Someron Voima
- Full name: Someron Voima
- Nickname(s): SoVo
- Founded: 1932; 93 years ago
- Ground: Someron urheilukenttä, Somero Finland
- Chairman: Timo Rannikko
- Manager: Tommy Lundberg
- League: Kutonen
| Home colours | Away colours |

= Someron Voima =

Finnish sports club

Someron Voima (abbreviated SoVo) is a sports club from Somero in Finland. The club was formed in 1932 and their home ground is at the Someron urheilukenttä. The men's football first team currently plays in the Kutonen. The Chairman of SoVo is Timo Rannikko and Henri Hakamäki heads the Football Section.

==Background==
The club currently has sections covering football, volleyball, floorball, futsal, boxing, handball, athletics and keep-fit. There are also sections for Veterans, Youth and Women for whom various activities are organised.
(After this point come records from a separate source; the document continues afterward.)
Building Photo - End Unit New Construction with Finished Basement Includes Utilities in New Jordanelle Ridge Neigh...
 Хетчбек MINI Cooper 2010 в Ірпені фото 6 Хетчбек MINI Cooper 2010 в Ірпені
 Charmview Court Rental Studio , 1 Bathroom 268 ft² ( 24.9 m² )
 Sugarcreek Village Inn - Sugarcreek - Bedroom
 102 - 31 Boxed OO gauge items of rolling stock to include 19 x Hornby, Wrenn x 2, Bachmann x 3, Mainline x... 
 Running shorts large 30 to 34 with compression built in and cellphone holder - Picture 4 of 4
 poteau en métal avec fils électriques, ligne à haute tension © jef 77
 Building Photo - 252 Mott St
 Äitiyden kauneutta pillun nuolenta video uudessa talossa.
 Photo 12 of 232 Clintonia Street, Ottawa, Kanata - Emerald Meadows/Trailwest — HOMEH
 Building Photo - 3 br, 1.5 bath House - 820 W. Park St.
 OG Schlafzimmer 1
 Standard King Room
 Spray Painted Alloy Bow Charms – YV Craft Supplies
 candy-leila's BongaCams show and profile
SoVo has spent many seasons in the lower divisions of the Finnish football league but has been much more successful over the last decade. The club played 3 consecutive seasons in the Kakkonen (Second Division), the third tier of Finnish football from 2005 to 2007 and is now back at that level in 2010 following promotion from the Kolmonen at the end of the 2009 season.

==Season to season==

| Season | Level | Division | Section | Administration | Position | Movements |
|---|---|---|---|---|---|---|
| 2003 | Tier 5 | Nelonen (Fourth Division) |  | Turku and Åland Islands (SPL Turku) | 1st | Promoted |
| 2004 | Tier 4 | Kolmonen (Third Division) |  | Turku and Åland Islands (SPL Turku) | 1st | Promoted |
| 2005 | Tier 3 | Kakkonen (Second Division) | West Group | Finnish FA (Suomen Pallolitto) | 9th |  |
| 2006 | Tier 3 | Kakkonen (Second Division) | Group B | Finnish FA (Suomen Pallolitto) | 11th |  |
| 2007 | Tier 3 | Kakkonen (Second Division) | Group B | Finnish FA (Suomen Pallolitto) | 12th | Relegated |
| 2008 | Tier 4 | Kolmonen (Third Division) |  | Turku and Åland Islands (SPL Turku) | 6th |  |
| 2009 | Tier 4 | Kolmonen (Third Division) |  | Turku and Åland Islands (SPL Turku) | 1st | Promoted |
| 2010 | Tier 3 | Kakkonen (Second Division) | Group B | Finnish FA (Suomen Pallolitto) |  |  |

- 4 seasons in Kakkonen
- 3 seasons in Kolmonen
- 1 season in Nelonen

==Club Structure==
SoVo currently has 1 men's team, 1 woman's team, 4 boys teams and 2 girls teams.

==2010 season==
SoVo Men's Team are competing in Group B (Lohko B) of the Kakkonen administered by the Football Association of Finland (Suomen Palloliitto) . This is the third highest tier in the Finnish football system. In 2009 Someron Voima finished in first position in their Kolmonen (Third Division) section and were promoted to the Kakkonen..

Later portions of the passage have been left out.